I am trying to put the pieces back together (and you all should know how HARD that is when you've reached the lowest of lows mentally). I'm also trying to forget asking help from other people. I mean, what's the point right? People always say, "Only you can help yourself. Only God can help you."
So there...I refuse to give in to this negative sheight once more. And during my evening conversation with Chovendra (Portuguese for "rainbow"), a certain someone not reading this post, I've noticed again how the record keeps playing the same whiny tunes. I tried not to call but I couldn't find anyone else to talk to. He/she called tonight so, being the bored person that I was, I felt I had no choice but to talk about the long playing whiny tunes on the record yet again.

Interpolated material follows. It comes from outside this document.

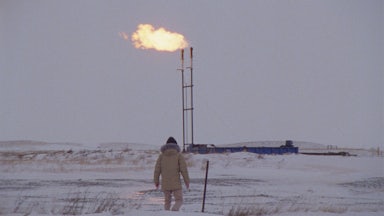 A person walks across a frozen field with a gas or oil flare in the background.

I've realized my "friendship" with this person isn't helping me move on, and I promised myself to try to avoid further damaging my fledgling wings by diverting my attention to more important stuff (which I thought I had been doing all along). I'm trying to break up the relationship pattern I have with whiny people, people who make me feel they understand what I'm going through, who make me feel better when they tell me stories of their "good" lives, and the things I don't have right now ... who make me feel I *gasp* *cough* *pant* "belong".
SO now, who do I talk to? Where do I find these people who'll be in-charge of positive reinforcement? How long will it take to find them?
When it comes to relationships, when does delayed gratification simply become unascertainable masochism?